Short web captions
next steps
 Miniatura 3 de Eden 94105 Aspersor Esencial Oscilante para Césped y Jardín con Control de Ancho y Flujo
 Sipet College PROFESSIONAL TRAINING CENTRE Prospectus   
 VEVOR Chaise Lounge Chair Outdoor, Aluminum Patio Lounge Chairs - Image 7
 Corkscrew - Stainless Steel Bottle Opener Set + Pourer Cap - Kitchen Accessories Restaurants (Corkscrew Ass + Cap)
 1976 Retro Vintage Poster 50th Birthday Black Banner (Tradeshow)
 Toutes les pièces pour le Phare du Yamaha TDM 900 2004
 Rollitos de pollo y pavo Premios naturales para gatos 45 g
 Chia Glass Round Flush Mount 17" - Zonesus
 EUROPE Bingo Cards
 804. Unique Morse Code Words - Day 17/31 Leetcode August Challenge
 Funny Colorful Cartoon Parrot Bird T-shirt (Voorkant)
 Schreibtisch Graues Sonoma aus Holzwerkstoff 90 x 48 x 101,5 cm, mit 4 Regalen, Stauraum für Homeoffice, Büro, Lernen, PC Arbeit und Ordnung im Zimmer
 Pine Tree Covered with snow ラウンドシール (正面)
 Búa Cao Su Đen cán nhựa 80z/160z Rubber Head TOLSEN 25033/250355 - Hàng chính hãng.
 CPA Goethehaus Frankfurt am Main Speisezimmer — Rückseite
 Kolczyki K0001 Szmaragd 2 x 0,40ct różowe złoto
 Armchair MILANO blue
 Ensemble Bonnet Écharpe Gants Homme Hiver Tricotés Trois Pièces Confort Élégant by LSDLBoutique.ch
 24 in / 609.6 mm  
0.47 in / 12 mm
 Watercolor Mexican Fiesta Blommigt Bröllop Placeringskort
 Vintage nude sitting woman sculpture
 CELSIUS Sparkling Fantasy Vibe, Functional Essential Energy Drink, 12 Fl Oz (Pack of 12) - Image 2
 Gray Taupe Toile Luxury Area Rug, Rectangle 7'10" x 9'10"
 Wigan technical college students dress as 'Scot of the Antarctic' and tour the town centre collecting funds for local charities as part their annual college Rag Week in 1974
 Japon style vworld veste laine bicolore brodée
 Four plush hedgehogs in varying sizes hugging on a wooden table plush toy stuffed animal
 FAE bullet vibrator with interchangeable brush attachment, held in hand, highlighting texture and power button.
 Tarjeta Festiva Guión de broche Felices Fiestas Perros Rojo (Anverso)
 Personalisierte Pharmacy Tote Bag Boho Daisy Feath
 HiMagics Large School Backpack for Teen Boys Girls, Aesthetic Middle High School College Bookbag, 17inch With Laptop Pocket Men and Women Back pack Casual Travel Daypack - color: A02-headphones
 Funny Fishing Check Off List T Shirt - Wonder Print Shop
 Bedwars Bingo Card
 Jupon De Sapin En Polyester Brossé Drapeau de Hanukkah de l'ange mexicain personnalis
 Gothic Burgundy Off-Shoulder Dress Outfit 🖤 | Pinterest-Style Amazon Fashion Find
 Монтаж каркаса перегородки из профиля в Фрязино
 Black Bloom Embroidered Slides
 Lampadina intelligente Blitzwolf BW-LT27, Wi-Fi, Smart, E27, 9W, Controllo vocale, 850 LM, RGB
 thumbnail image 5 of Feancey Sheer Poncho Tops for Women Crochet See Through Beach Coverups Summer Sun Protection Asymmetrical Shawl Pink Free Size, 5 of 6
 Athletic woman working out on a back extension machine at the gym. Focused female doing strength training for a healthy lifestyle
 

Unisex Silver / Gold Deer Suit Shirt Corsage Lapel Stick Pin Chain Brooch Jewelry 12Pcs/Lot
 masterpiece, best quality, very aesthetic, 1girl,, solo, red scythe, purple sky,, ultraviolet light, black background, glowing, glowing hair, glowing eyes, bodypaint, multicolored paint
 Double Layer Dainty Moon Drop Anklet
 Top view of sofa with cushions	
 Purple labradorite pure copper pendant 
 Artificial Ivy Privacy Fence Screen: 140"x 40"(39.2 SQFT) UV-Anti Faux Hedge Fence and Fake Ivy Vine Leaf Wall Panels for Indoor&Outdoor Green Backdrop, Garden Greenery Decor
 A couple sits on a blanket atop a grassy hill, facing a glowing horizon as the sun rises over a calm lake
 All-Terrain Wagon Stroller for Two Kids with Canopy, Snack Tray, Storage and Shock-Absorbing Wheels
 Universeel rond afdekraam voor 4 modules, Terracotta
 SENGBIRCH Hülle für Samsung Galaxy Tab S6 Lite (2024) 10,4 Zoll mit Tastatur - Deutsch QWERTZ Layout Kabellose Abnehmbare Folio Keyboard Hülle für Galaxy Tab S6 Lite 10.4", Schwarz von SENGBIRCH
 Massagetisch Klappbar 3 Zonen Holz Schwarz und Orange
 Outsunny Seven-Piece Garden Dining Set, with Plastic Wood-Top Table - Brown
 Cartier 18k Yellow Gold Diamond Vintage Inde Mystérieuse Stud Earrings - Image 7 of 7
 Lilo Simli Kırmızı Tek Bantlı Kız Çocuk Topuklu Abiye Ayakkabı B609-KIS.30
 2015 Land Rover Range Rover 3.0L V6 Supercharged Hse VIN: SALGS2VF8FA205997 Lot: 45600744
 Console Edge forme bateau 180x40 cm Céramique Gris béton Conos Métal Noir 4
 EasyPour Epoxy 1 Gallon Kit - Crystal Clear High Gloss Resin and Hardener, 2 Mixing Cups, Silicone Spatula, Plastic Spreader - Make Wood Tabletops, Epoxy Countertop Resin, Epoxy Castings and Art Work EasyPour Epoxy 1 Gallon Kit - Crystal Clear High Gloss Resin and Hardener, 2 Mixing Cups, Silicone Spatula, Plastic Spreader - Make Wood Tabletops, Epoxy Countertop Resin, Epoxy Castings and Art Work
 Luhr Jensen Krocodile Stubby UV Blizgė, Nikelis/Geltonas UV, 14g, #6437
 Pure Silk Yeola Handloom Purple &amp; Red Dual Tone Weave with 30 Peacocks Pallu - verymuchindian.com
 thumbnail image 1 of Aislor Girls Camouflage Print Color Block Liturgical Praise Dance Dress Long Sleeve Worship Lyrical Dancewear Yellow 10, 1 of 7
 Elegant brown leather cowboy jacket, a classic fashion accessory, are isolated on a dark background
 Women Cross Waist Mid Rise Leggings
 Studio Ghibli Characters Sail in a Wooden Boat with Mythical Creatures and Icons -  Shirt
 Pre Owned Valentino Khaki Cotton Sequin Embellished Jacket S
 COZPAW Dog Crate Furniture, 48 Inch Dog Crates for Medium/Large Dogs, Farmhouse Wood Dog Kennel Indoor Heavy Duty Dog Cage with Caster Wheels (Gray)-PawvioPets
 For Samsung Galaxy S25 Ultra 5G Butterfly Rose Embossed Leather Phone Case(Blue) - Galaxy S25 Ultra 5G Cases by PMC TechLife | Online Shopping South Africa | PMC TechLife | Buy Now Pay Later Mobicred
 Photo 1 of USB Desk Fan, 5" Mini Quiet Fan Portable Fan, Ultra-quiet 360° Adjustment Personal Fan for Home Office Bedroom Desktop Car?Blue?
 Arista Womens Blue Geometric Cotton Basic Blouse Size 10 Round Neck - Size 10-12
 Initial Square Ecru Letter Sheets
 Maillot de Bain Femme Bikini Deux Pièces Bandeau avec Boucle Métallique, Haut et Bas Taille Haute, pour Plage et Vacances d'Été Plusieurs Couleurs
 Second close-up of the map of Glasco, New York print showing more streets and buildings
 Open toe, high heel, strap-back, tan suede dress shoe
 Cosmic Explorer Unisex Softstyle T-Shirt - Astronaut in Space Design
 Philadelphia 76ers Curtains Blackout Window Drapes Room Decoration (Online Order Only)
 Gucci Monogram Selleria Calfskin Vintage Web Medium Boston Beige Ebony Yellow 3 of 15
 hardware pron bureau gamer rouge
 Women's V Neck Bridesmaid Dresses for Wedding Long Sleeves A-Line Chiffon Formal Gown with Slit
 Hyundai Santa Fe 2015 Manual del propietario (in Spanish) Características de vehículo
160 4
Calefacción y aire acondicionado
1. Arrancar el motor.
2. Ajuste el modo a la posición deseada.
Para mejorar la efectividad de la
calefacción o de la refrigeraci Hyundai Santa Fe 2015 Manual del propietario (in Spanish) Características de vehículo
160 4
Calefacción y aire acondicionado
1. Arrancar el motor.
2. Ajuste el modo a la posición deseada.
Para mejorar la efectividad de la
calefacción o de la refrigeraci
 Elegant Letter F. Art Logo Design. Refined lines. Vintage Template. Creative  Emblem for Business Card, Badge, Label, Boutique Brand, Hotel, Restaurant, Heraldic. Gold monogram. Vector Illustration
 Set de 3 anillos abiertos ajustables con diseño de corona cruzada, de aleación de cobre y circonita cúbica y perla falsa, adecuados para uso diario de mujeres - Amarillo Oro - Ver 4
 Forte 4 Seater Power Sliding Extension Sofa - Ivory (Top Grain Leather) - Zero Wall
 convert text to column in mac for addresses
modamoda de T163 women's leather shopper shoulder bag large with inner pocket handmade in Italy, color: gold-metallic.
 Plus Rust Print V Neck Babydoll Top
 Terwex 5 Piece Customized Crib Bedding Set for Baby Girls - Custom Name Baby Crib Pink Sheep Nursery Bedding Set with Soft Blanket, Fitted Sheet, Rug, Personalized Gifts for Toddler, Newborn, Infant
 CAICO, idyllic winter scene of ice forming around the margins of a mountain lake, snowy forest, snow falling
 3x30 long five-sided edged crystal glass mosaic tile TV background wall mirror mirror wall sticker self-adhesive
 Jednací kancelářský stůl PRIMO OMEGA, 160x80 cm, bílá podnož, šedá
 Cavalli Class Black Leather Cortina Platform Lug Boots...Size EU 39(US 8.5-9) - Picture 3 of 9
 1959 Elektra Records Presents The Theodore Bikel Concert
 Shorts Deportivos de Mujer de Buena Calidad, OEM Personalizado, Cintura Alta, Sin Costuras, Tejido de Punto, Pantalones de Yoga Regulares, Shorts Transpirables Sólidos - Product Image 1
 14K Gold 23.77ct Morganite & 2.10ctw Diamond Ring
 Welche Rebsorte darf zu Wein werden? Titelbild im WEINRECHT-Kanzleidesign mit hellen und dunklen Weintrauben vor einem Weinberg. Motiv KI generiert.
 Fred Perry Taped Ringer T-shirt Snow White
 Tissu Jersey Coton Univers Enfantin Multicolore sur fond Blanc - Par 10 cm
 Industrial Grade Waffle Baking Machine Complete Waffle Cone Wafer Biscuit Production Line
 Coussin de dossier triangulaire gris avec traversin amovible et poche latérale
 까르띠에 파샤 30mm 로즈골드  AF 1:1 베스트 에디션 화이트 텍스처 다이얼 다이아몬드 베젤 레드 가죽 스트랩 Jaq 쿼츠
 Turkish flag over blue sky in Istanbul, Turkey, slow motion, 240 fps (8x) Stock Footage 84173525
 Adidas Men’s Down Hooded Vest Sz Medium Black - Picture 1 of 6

Exercise details:
Select and copy each line from the data that includes the word "Gray".

Final answer:
 Gray Taupe Toile Luxury Area Rug, Rectangle 7'10" x 9'10"
 COZPAW Dog Crate Furniture, 48 Inch Dog Crates for Medium/Large Dogs, Farmhouse Wood Dog Kennel Indoor Heavy Duty Dog Cage with Caster Wheels (Gray)-PawvioPets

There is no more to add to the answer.